Task goal: Nothing but the records, transcribed exactly, should appear in the answer; leave the pictures out.

Supplied entries:
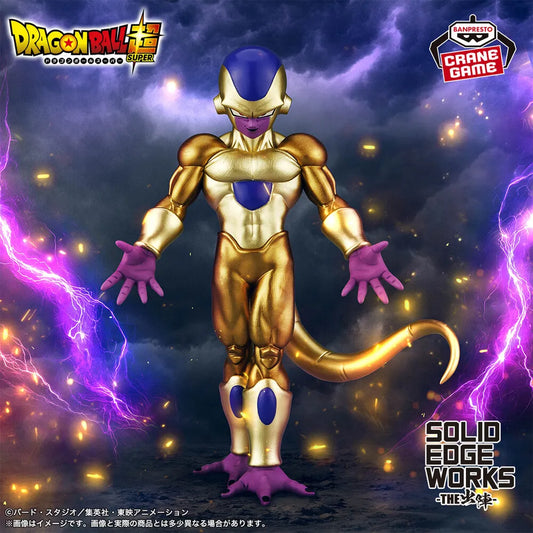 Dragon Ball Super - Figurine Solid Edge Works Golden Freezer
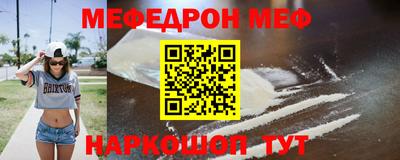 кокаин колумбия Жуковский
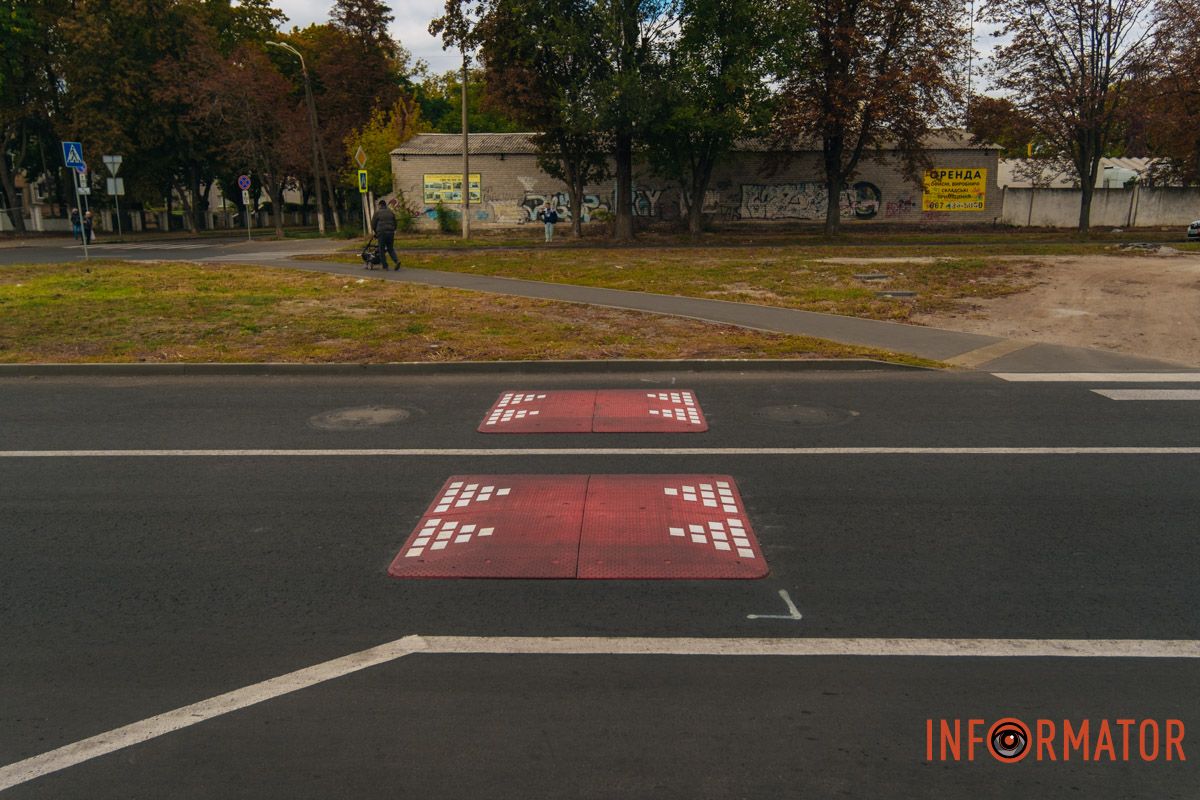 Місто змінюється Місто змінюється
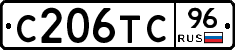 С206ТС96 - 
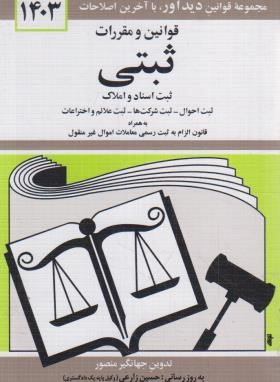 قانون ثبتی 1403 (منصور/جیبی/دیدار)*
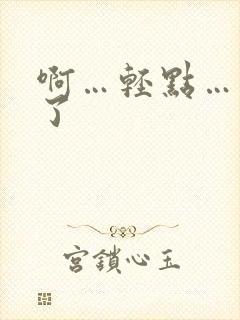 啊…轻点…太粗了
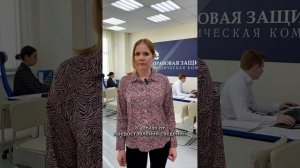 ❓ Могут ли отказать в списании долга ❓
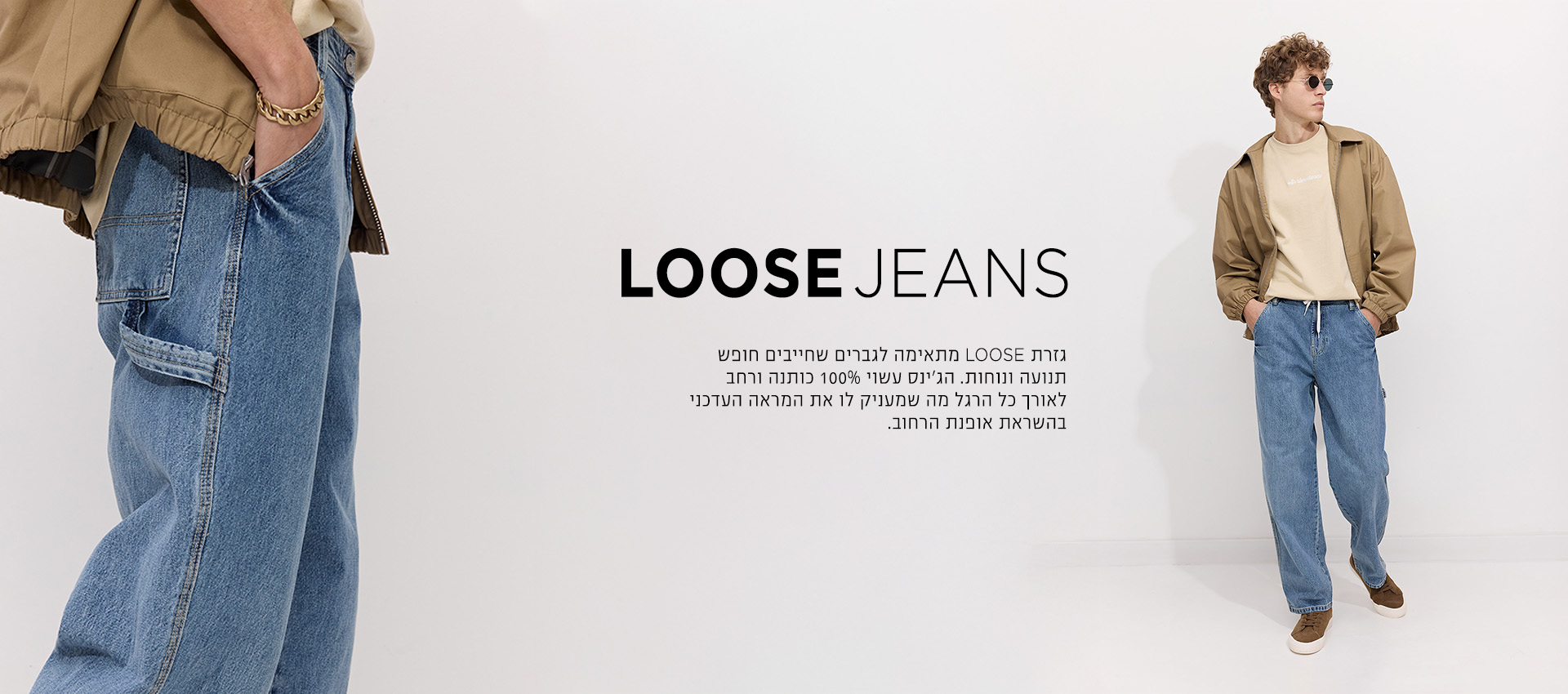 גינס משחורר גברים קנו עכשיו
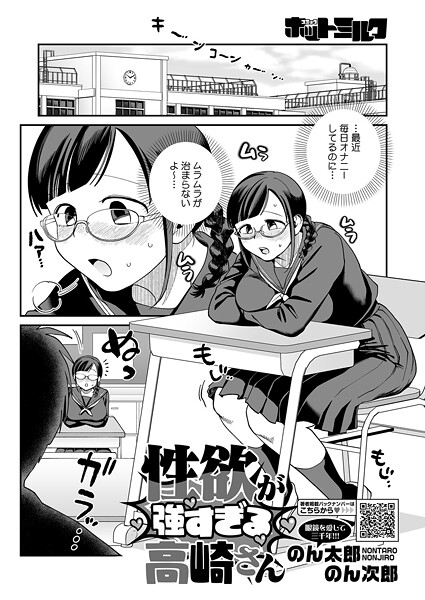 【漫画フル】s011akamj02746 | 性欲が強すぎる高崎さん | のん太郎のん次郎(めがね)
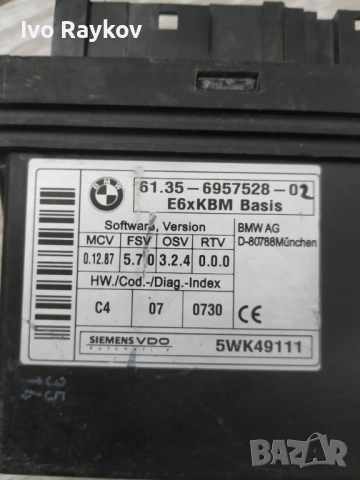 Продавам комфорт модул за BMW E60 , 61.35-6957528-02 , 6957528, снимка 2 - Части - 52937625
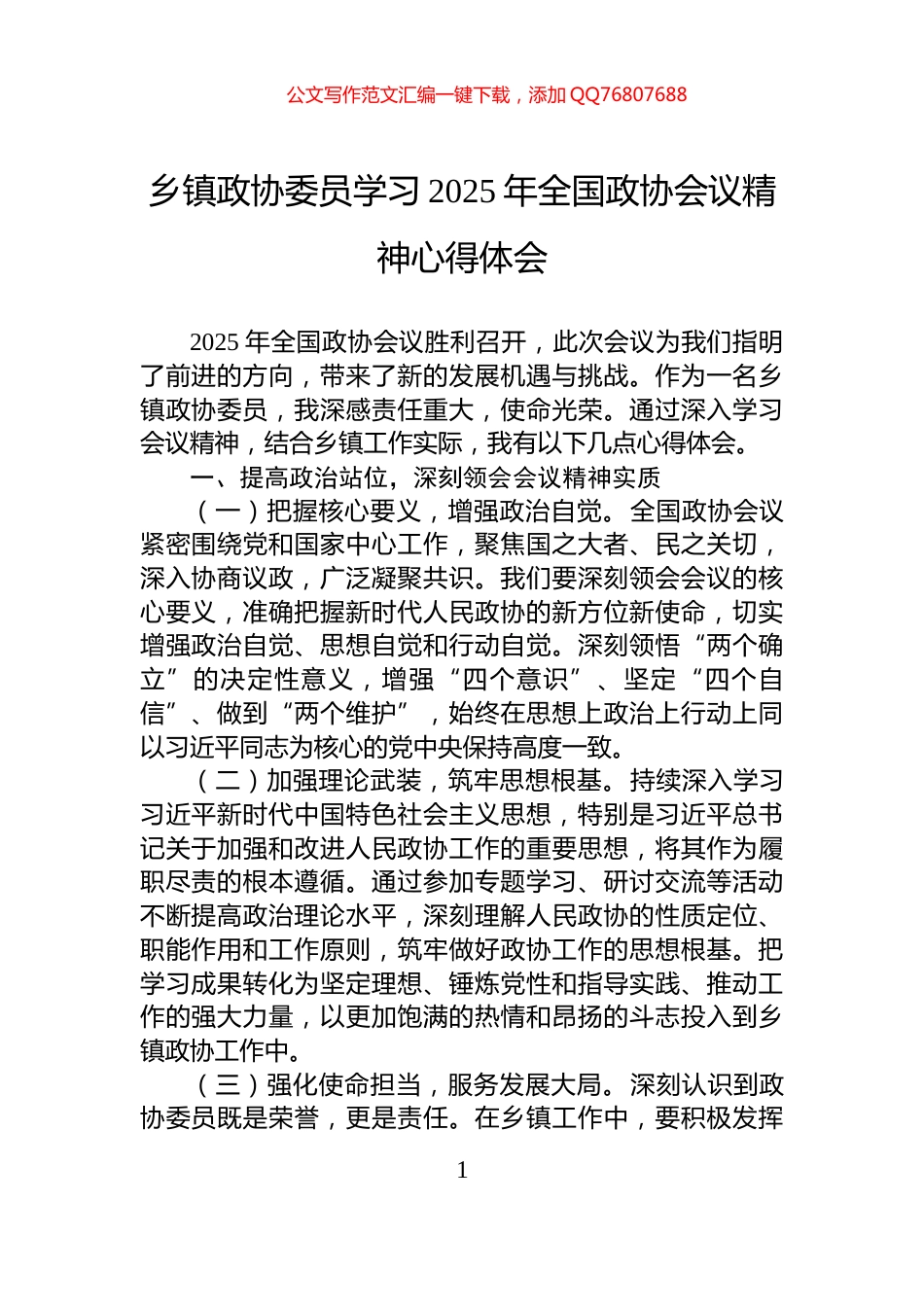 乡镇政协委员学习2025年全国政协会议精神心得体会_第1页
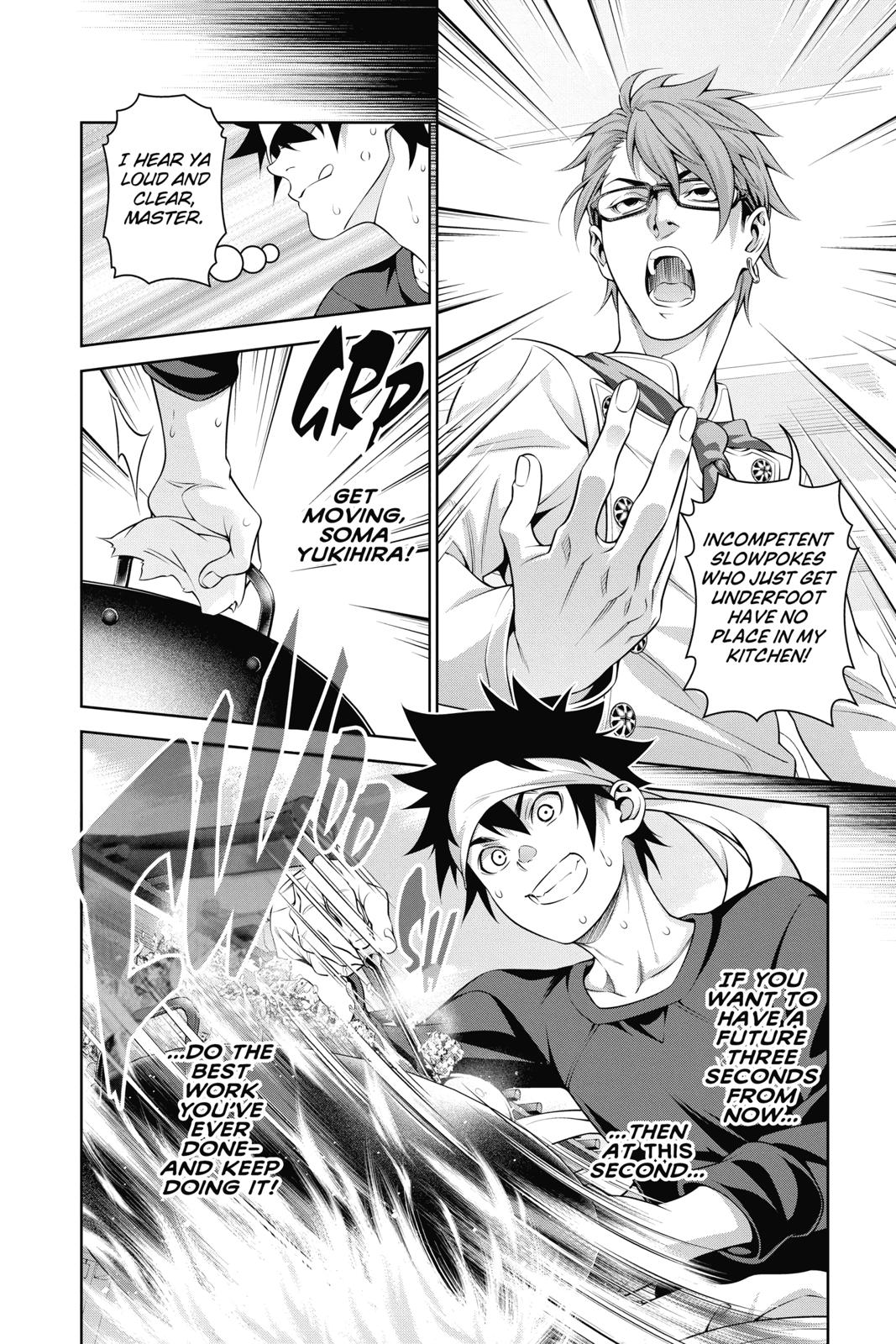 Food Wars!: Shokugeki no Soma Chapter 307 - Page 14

Response box:
 Dragon Ball Super - Figurine Solid Edge Works Golden Freezer
 кокаин колумбия Жуковский
 Місто змінюється Місто змінюється
 С206ТС96 - 
 قانون ثبتی 1403 (منصور/جیبی/دیدار)*
 啊…轻点…太粗了
 ❓ Могут ли отказать в списании долга ❓
 גינס משחורר גברים קנו עכשיו
 【漫画フル】s011akamj02746 | 性欲が強すぎる高崎さん | のん太郎のん次郎(めがね)
 Продавам комфорт модул за BMW E60 , 61.35-6957528-02 , 6957528, снимка 2 - Части - 52937625
 乡镇政协委员学习2025年全国政协会议精神心得体会_第1页
 Food Wars!: Shokugeki no Soma Chapter 307 - Page 14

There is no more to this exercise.